Problem requirements:
Every line from the one with "Cobertura à venda" through the end of the entries below must be retyped exactly, and only those lines. The pictures are not part of the copy.

(Crawled caption data)
<<<<

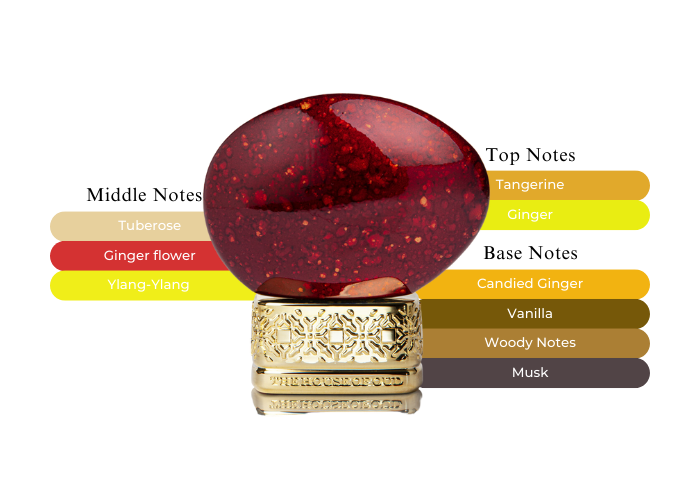 その他 THE HOUSE OF OUD Rudy Red the-house-of-oud-unisex-ruby-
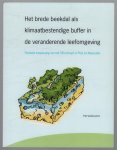 PFM Verdonschot - Het brede beekdal als klimaatbestendige buffer in de veranderende leefomgeving : flexibele toepassing van het 5B-concept in Peel en Maasvallei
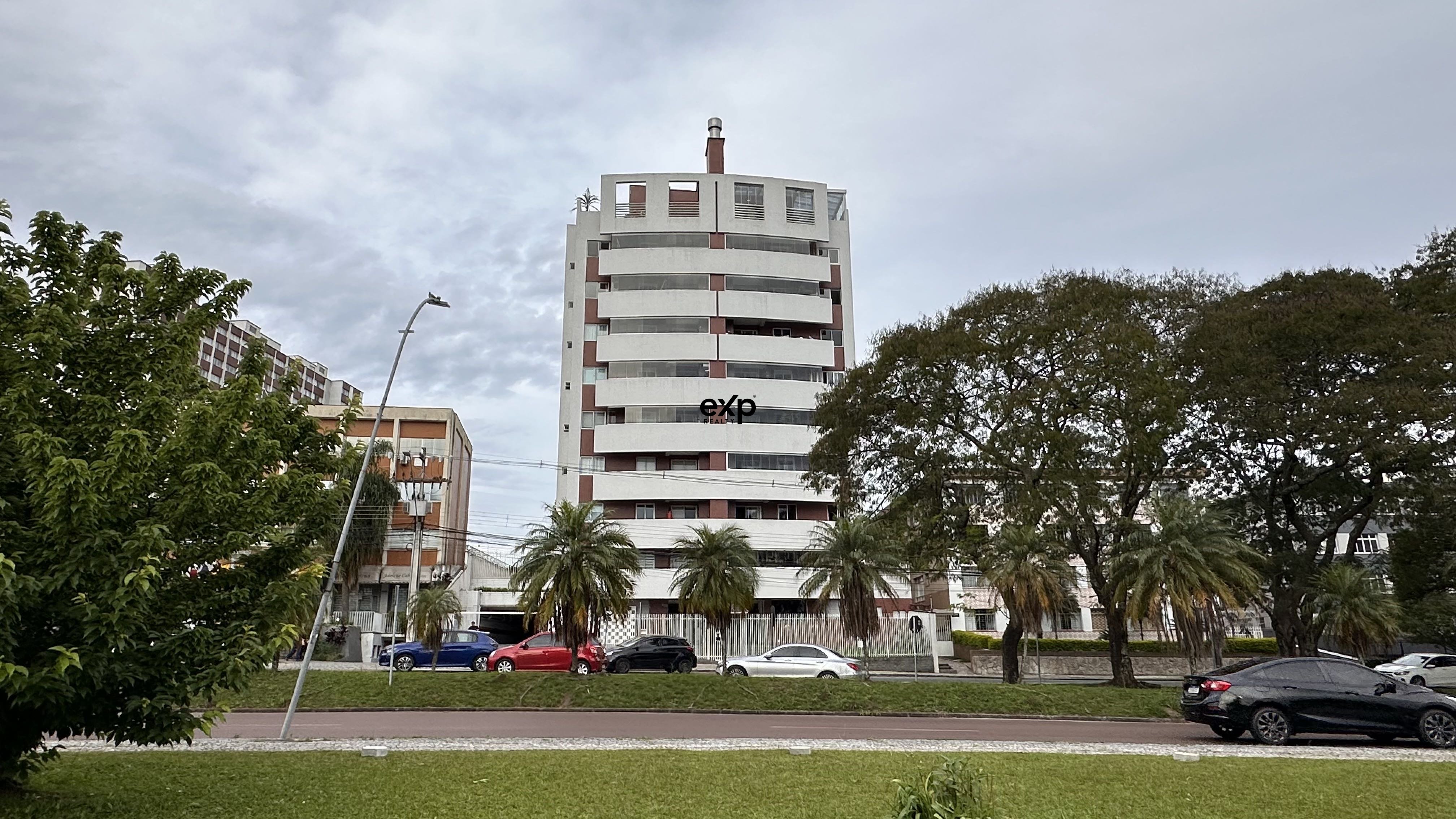 Cobertura à venda em Curitiba, Marechal Hermes 629 Juvevê Curitiba 80530-230, 238 m²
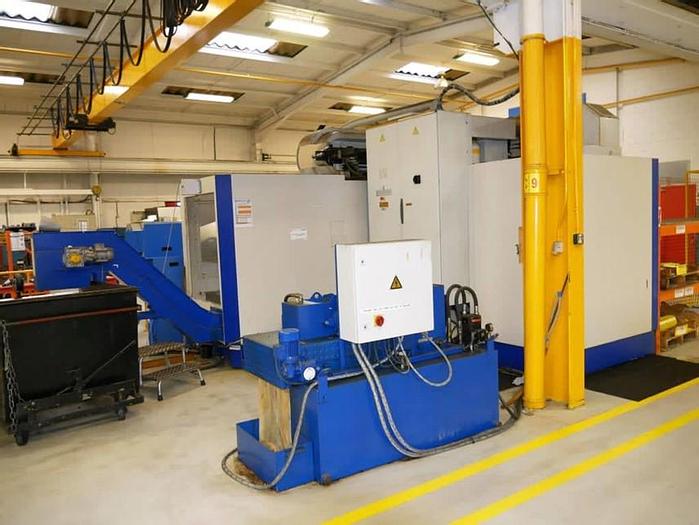 Usato FRESATRICE A BANCO FISSO SORALUCE TA-25 AUTOMATIC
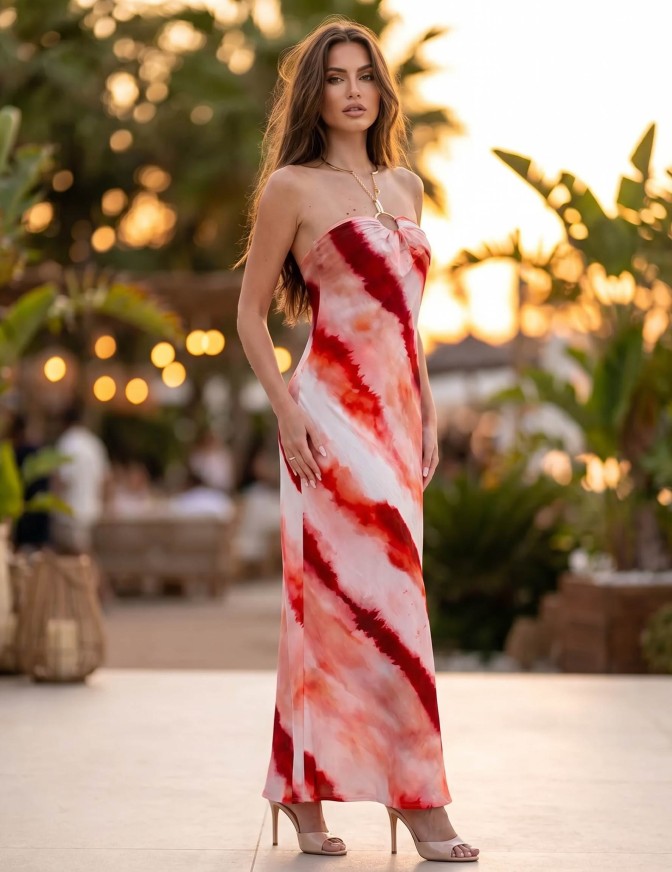 HAVEONE ABITO LUNGO...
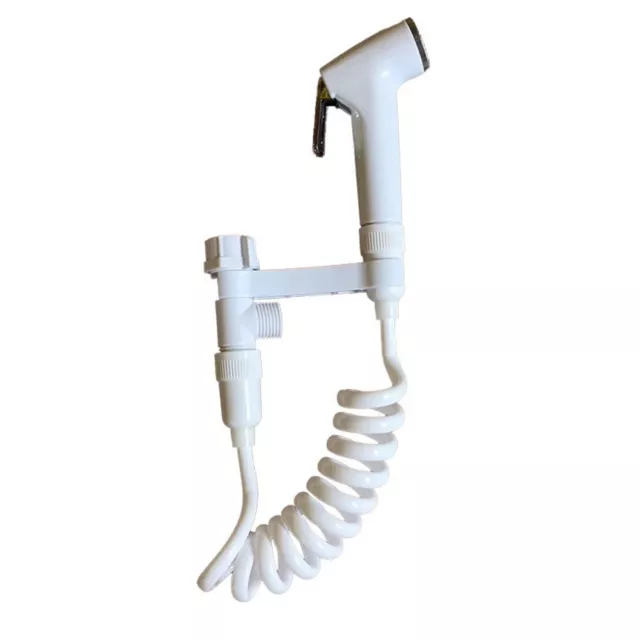 Ergonomic and Comfortable Handheld Pressurized Nozzle Effortless to Use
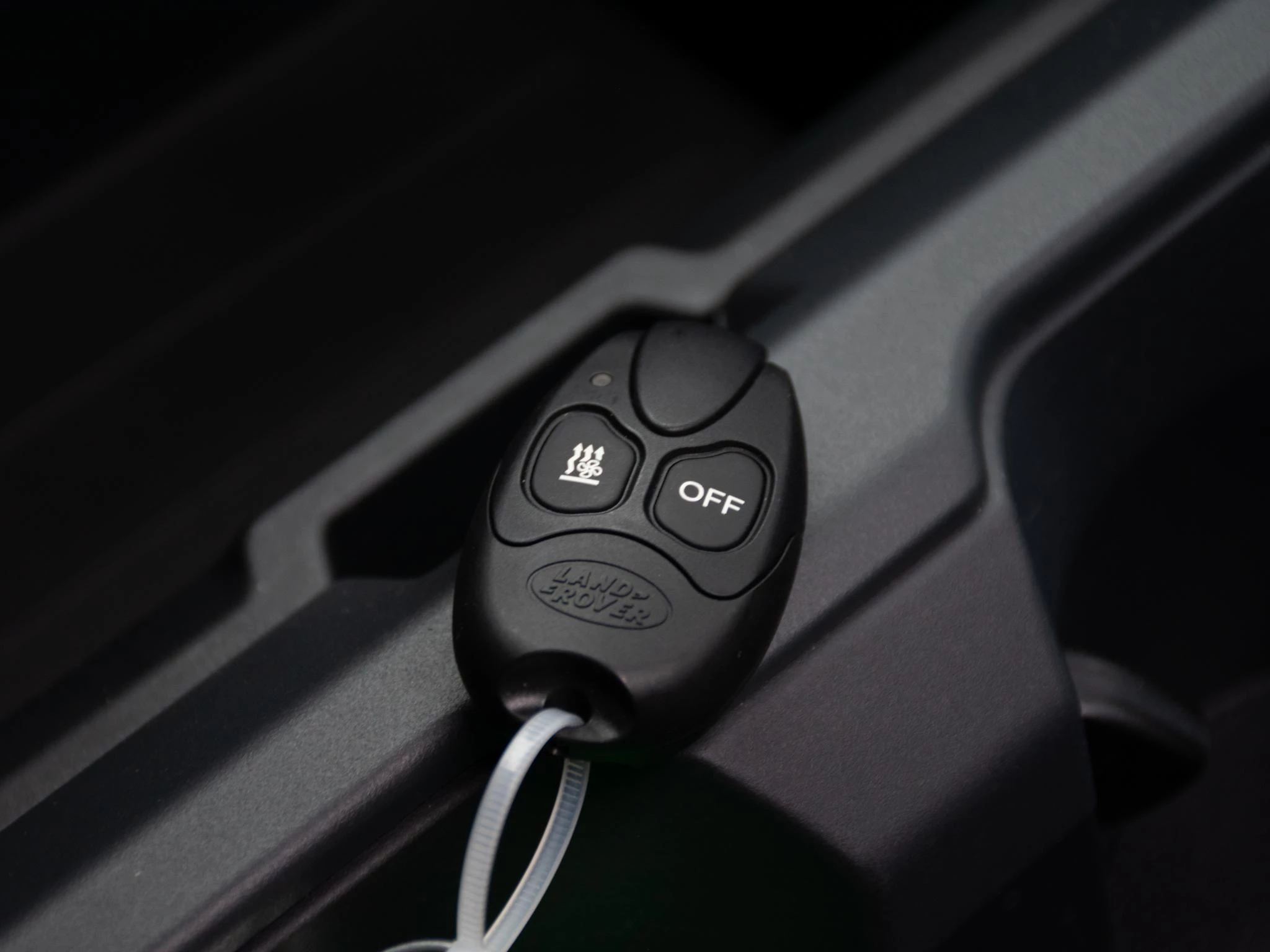 Hoofdafbeelding Land Rover Defender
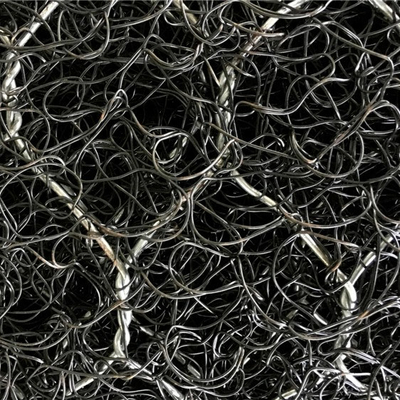 Polypropylene Stone Cage Wire Mesh Mike Earth Mat  Gabion Baskets 2mx1mx1m
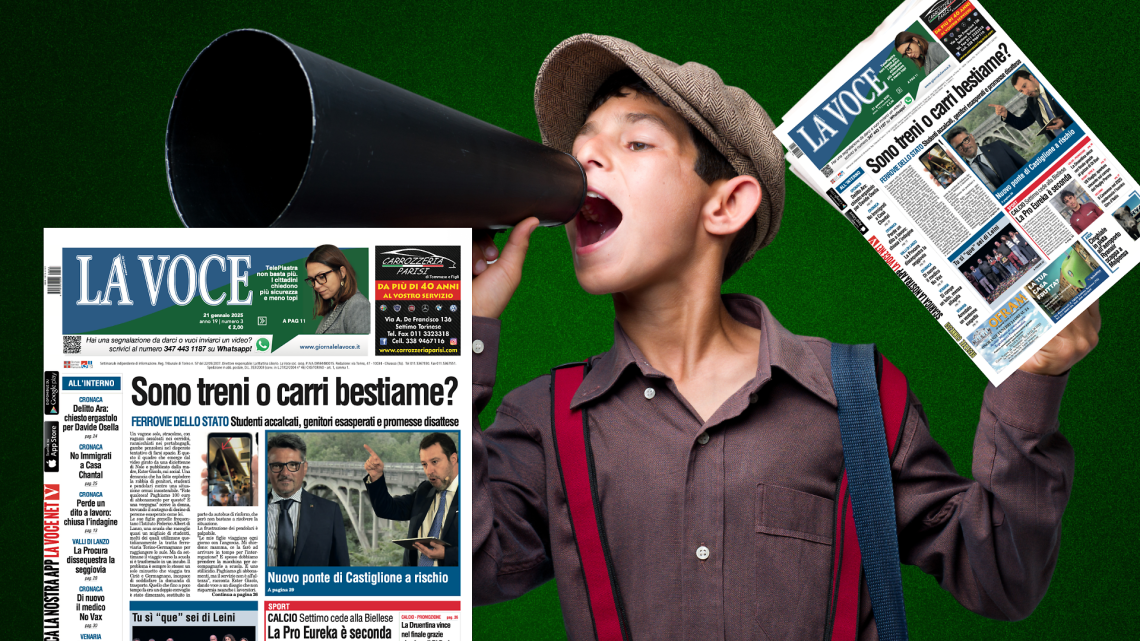 Prima pagina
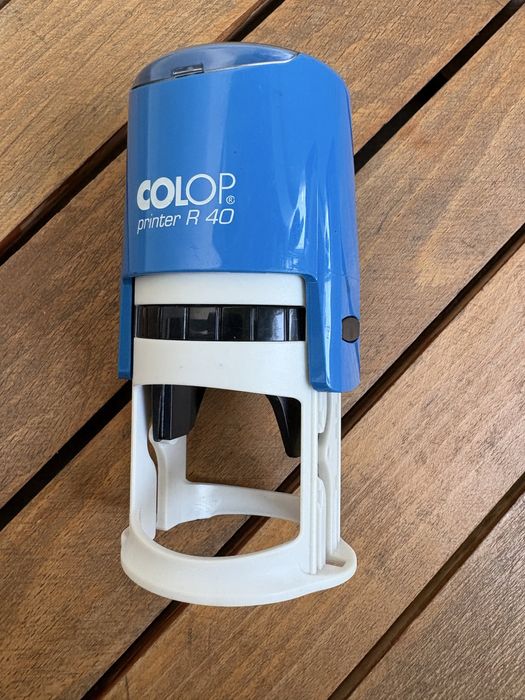 Печати Color printer R 40, C 40 и 30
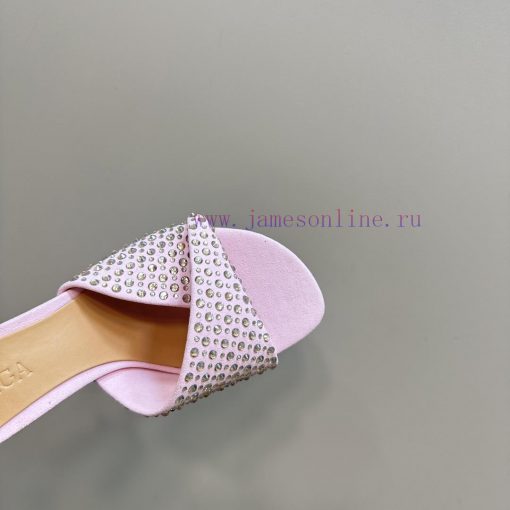 Bottega Venet* The latest and most classic woven high-heeled sandals, ins&Xiaohongshu, are wj5cci7t2 - Image 9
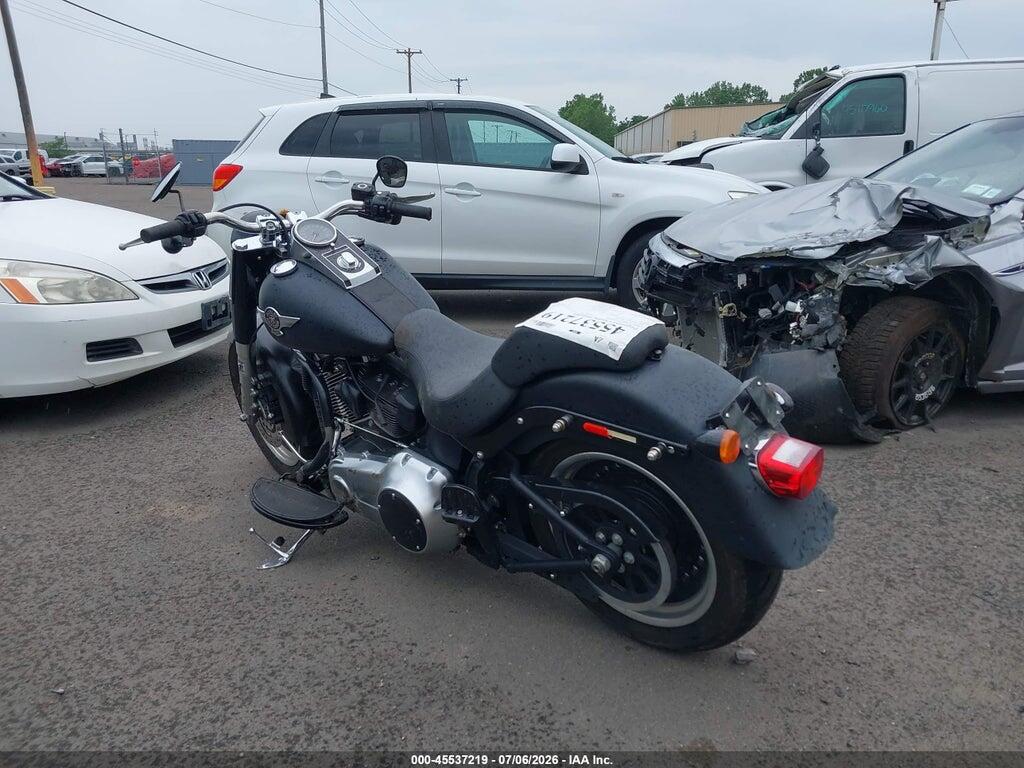 1HD1JN511AB044643 2010 HARLEY-DAVIDSON FLSTFB photo no. 3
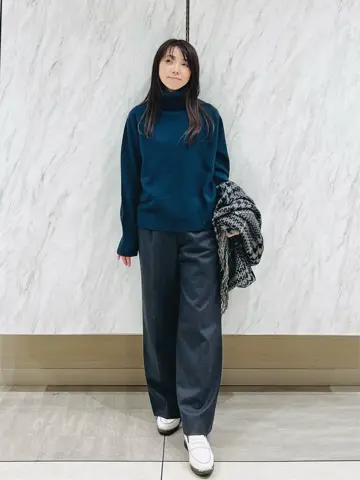 ICB 森澤 コーディネート画像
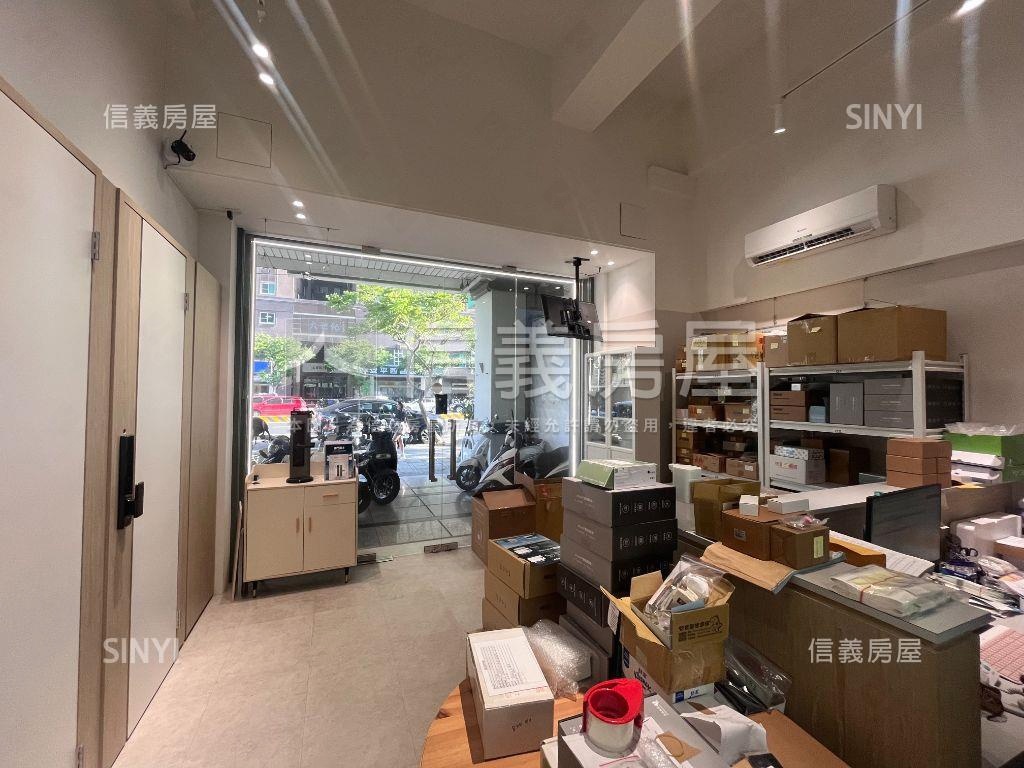 ✦永華路✦約８１坪金店住房屋室內格局與周邊環境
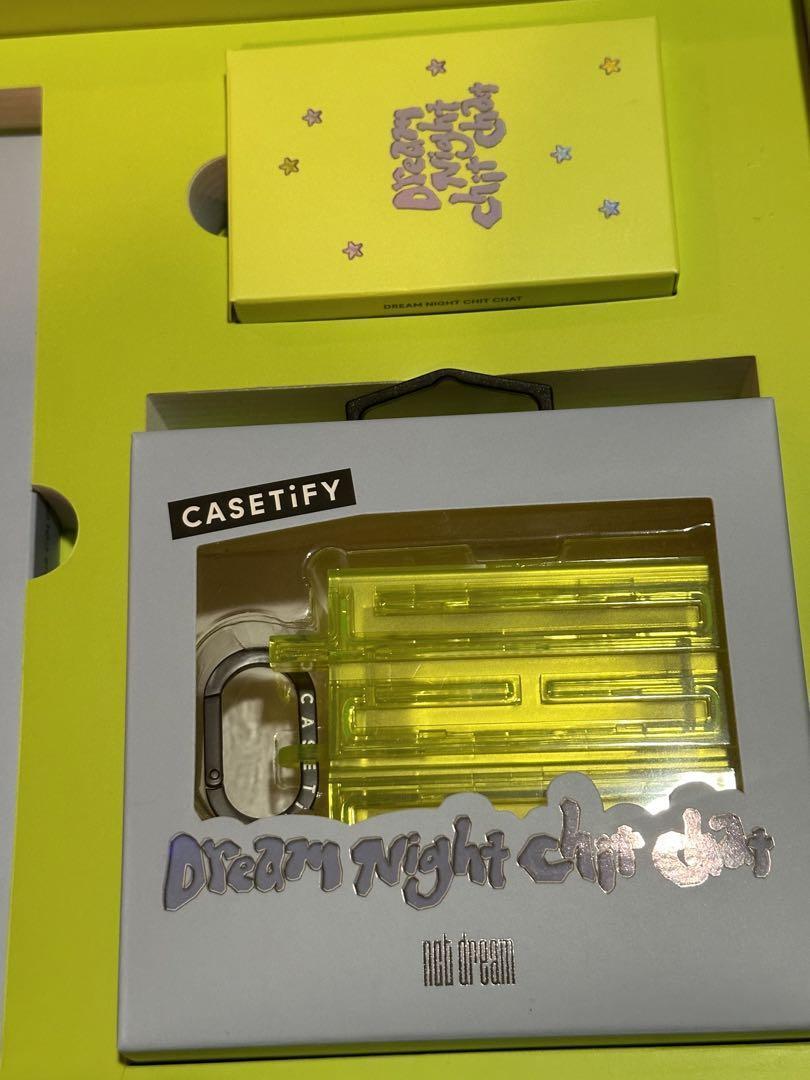 nct dream×CASETIFY iPhoneケースセット NCT DREAM – CASETiFY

>>>>

Response area:
 Cobertura à venda em Curitiba, Marechal Hermes 629 Juvevê Curitiba 80530-230, 238 m²
 Usato FRESATRICE A BANCO FISSO SORALUCE TA-25 AUTOMATIC
 HAVEONE ABITO LUNGO...
 Ergonomic and Comfortable Handheld Pressurized Nozzle Effortless to Use
 Hoofdafbeelding Land Rover Defender
 Polypropylene Stone Cage Wire Mesh Mike Earth Mat  Gabion Baskets 2mx1mx1m
 Prima pagina
 Печати Color printer R 40, C 40 и 30
 Bottega Venet* The latest and most classic woven high-heeled sandals, ins&Xiaohongshu, are wj5cci7t2 - Image 9
 1HD1JN511AB044643 2010 HARLEY-DAVIDSON FLSTFB photo no. 3
 ICB 森澤 コーディネート画像
 ✦永華路✦約８１坪金店住房屋室內格局與周邊環境
 nct dream×CASETIFY iPhoneケースセット NCT DREAM – CASETiFY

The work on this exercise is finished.